/---

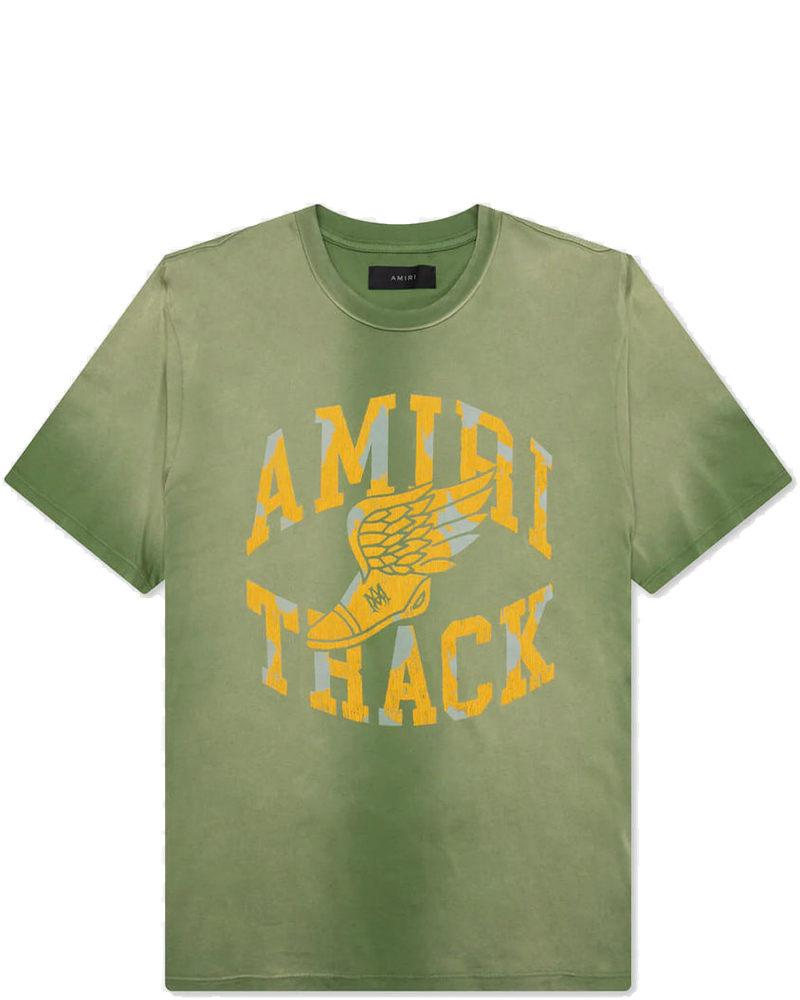 Green Amiri Track T-Shirt Amiri – Гарантія оригінальності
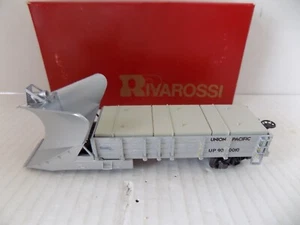 SNOW PLOW CAR HO SCALE FOR UNION PACIFIC RR. BY; RIVAROSSI R TO R PO NOS - Picture 1 of 8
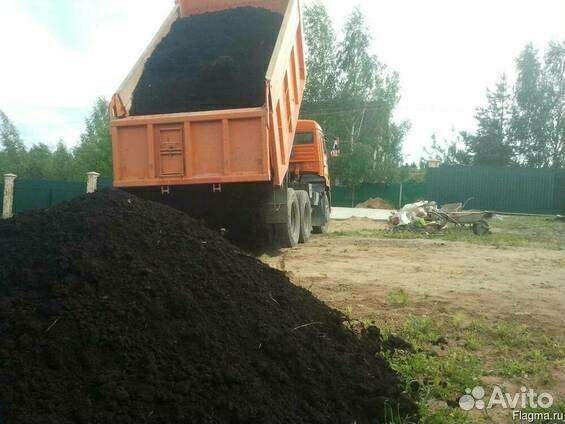 Навоз,перегной,торф,чернозем мешками и машинами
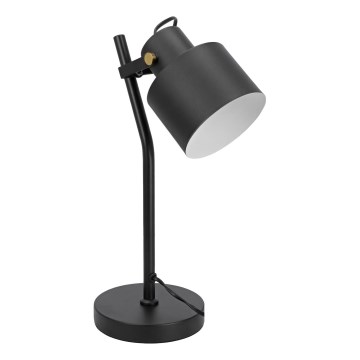 Stona lampa 1xE27/40W/230V crna
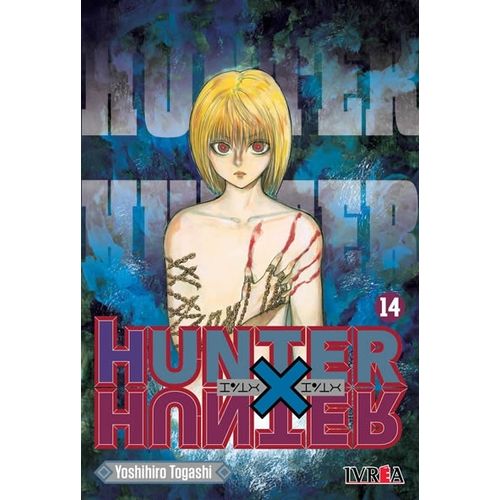 HUNTER X HUNTER 14 - YOSHIHIRO TOGASHI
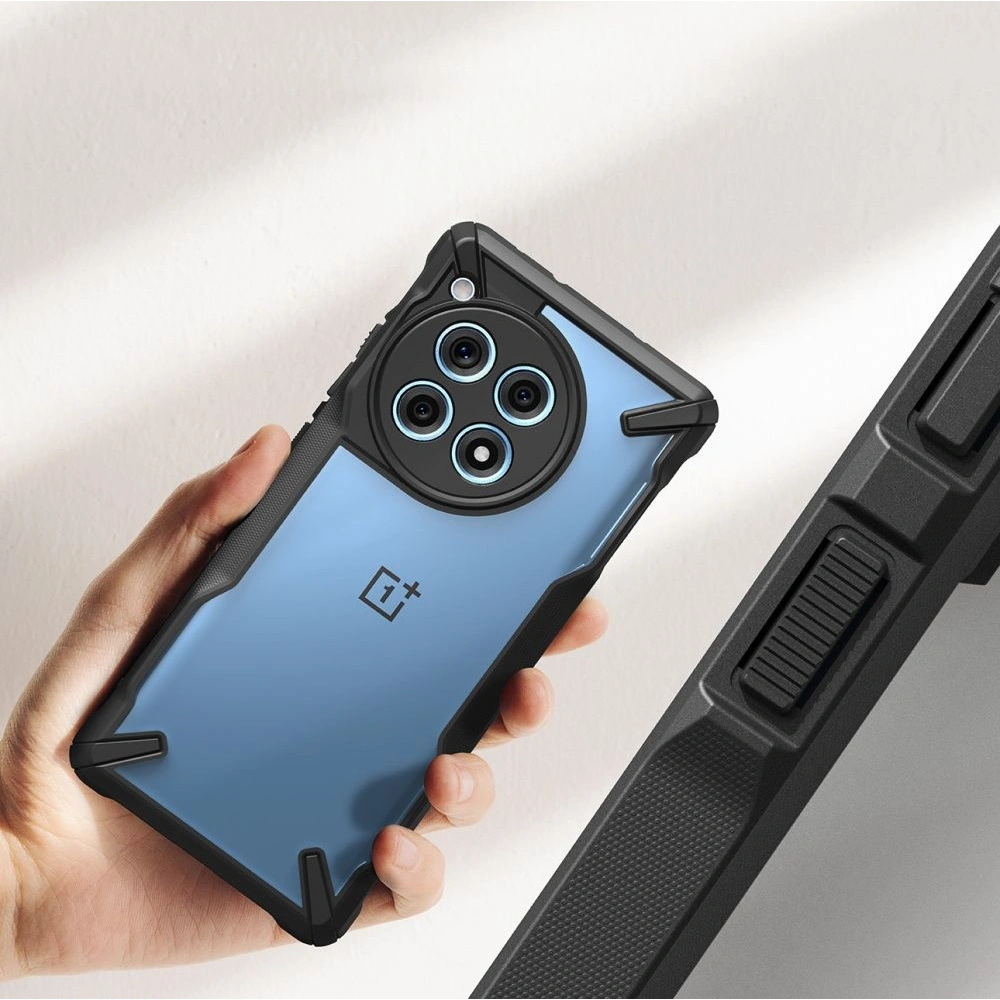 Hurtownia GSM - Etui Ringke Fusion-X OnePlus 12R Černé - RGK1962 - {ean13} - Hurt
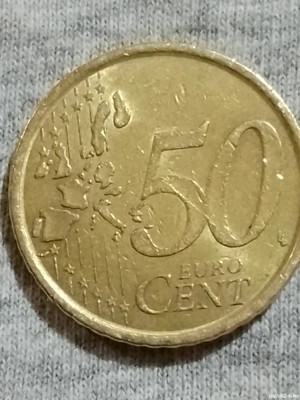 Moneda veche de colecție  - imagine 2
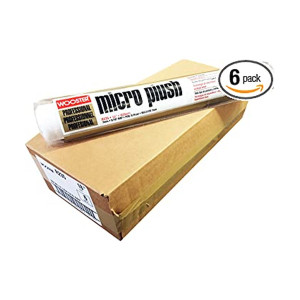 Wooster Genuine 18" Micro Plush 5/16" Nap Roller Cover 6-Pack, R235-18-6PK Wooster Genuine 18" Micro Plush 5/16" Nap Roller Cover 6-Pack, R235-18-6PK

\---

[Task brief]: For this exercise, write out the listing verbatim and leave every image out.

[Exercise result]:
 Green Amiri Track T-Shirt Amiri – Гарантія оригінальності
 SNOW PLOW CAR HO SCALE FOR UNION PACIFIC RR. BY; RIVAROSSI R TO R PO NOS - Picture 1 of 8
 Навоз,перегной,торф,чернозем мешками и машинами
 Stona lampa 1xE27/40W/230V crna
 HUNTER X HUNTER 14 - YOSHIHIRO TOGASHI
 Hurtownia GSM - Etui Ringke Fusion-X OnePlus 12R Černé - RGK1962 - {ean13} - Hurt
 Moneda veche de colecție  - imagine 2
 Wooster Genuine 18" Micro Plush 5/16" Nap Roller Cover 6-Pack, R235-18-6PK Wooster Genuine 18" Micro Plush 5/16" Nap Roller Cover 6-Pack, R235-18-6PK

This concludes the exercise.